Data segment:
>>>>
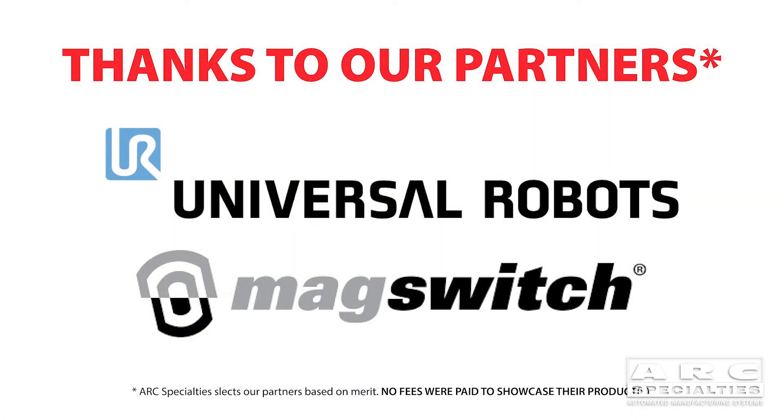We'd like to thank our partners on this — Universal Robots and MagSwitch. Arc Specialties thrives on problems. Send us yours.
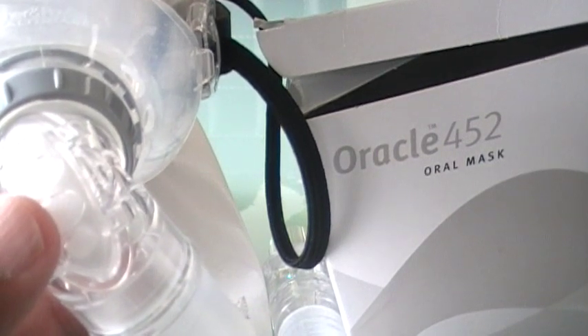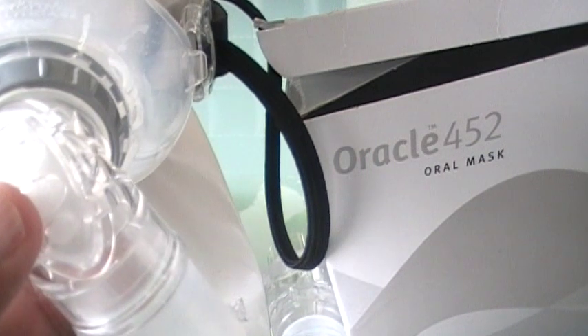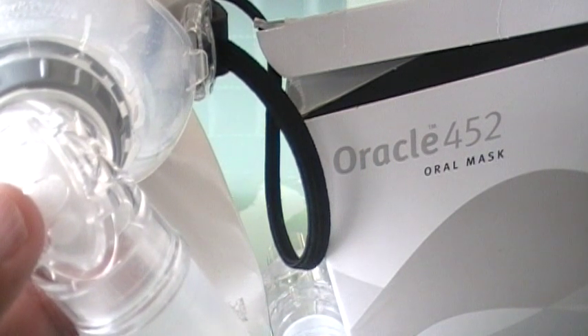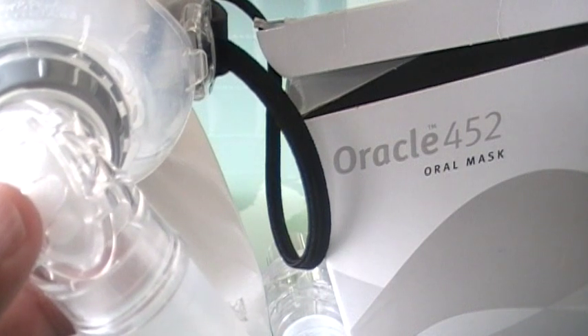Welcome back to cpaphelpdesk.com. This is a video review for the oral CPAP mask called the Oracle 452, made by Fisher and Paykel.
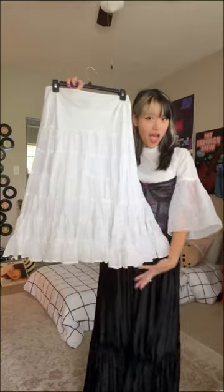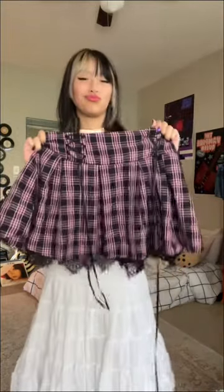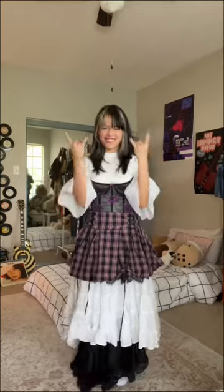For bottoms, I layered skirts, but you can layer anything you want. If you have plaid, try to incorporate that, as it is a Vivienne Westwood staple.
<<<<
What to produce:
Quote the material above exactly, from the line holding "Welcome back to" through its last line, including both. Omit the pictures.

Final answer:
Welcome back to cpaphelpdesk.com. This is a video review for the oral CPAP mask called the Oracle 452, made by Fisher and Paykel.
For bottoms, I layered skirts, but you can layer anything you want. If you have plaid, try to incorporate that, as it is a Vivienne Westwood staple.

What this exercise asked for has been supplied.